そして、お互いに自分のものを買って、店を出た。
ちなみに、お店を出る時、ナミの持っている大量の買い物袋を見て、メリーは、自分が買った下着の入った買い物袋を、渋るジミーに、有無を言わせず、待たせると、すぐに、袋を半分持ってくれた。
本当は魔法を使えば、そんな必要がないのだが、メリーの心遣いに、ナミは甘えることにした。
ジミーが、後ろからメリーちゃんが買った、下着の入った買い物袋を、両手いっぱいに、持ちながら、真っ赤な顔でついて来る。
帰り道に、二人はさっき買った、下着の好みを披露しあった。
「いっつも思うけど、ナミちゃんって、下着はシンプルなものが好きだよね。」
「それを言うなら、メリーちゃんは、ブルさんと一緒で、ヒラヒラ系が好きなんじゃない。」
「うん、確かにそうかも。レースいっぱいとかが、結構好きかな。」
さらに、前で、二人がそんな会話をするものだから、ジミーの顔は、さらに赤くなった。
かわいそうに、ナミがチラッ見すると、二人の会話に、ジミーが真っ赤になって、俯いてついてくる。

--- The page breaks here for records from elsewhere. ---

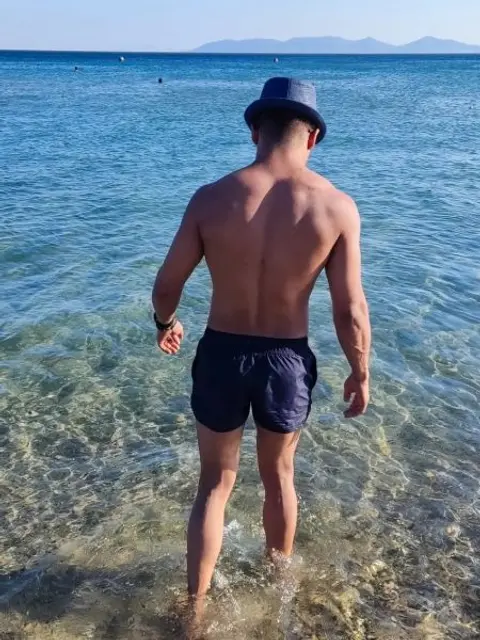 Photo de profil publiée avec l'annonce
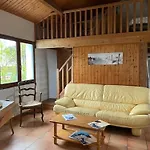 Maison Spacieuse Pour 9 Pers, Vue Mer, A - Fr-1-823-29 Semesterbostad Barbâtre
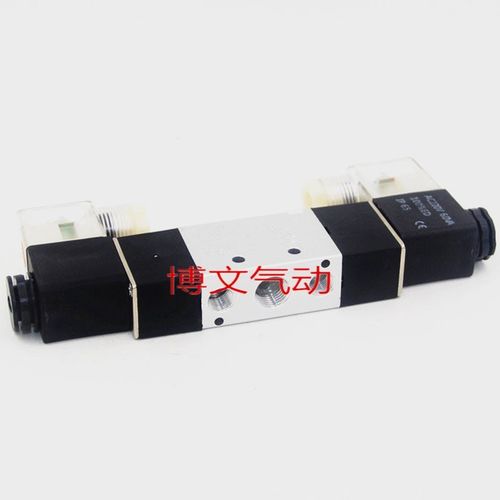 SV220-08 SV320-10 SV420-15 120-06电磁阀二位五通双电控换向阀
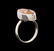 Sterling Silver Ring - 4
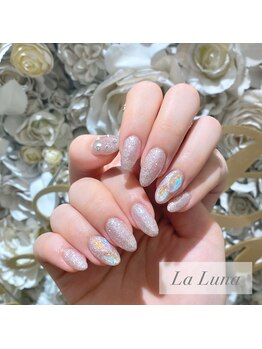 ラルーナ(La Luna)/ワンカラー★担当スサ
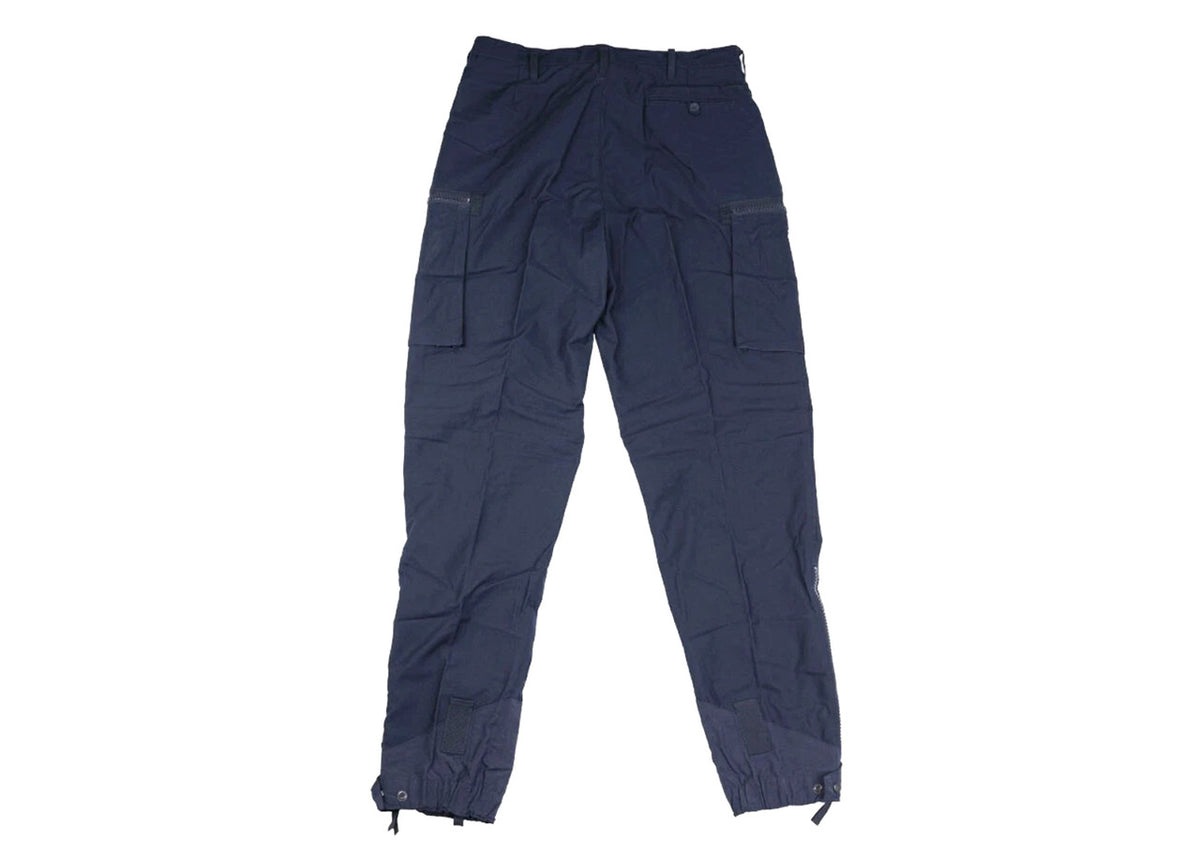 Swedish Dark Blue M90 Field Pants - Like New (XXL)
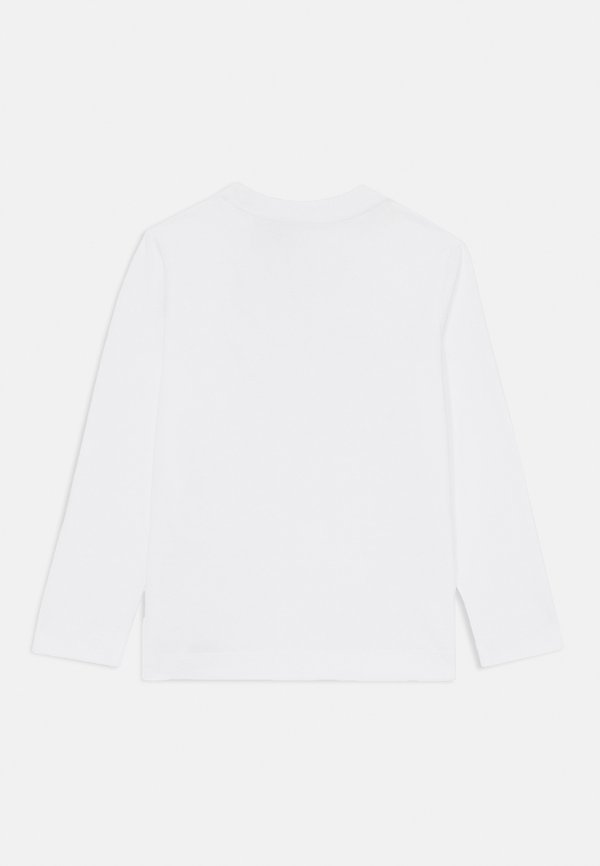 UNISEX - Long sleeved top - bianco ottico2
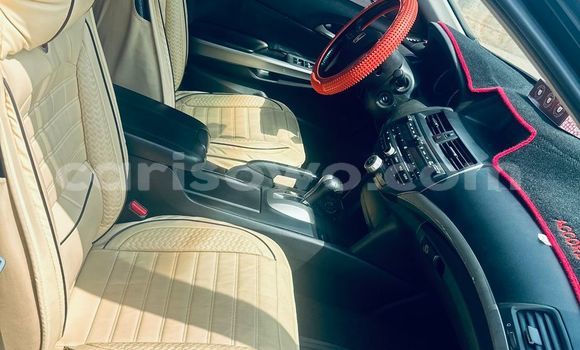 Buy Used Honda Accord Black Car in Cotonou in Benign Buy Used Honda Accord Black Car in Cotonou in Benign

存在自体、無視されているジミーのそんな様子を、メリーはまったく気づいていなかった。
ナミは、ジミーのそんな無視られっぷりに、なんだか哀れさを感じてしまった。
『早く勇気を出して、告白しないと、メリーちゃんモテるから、誰かにさらわれちゃうよ。』
ナミはそんな事を思ったが、メリーに違う話題を振られ、そのうちナミも、ジミーの存在を忘れてしまった。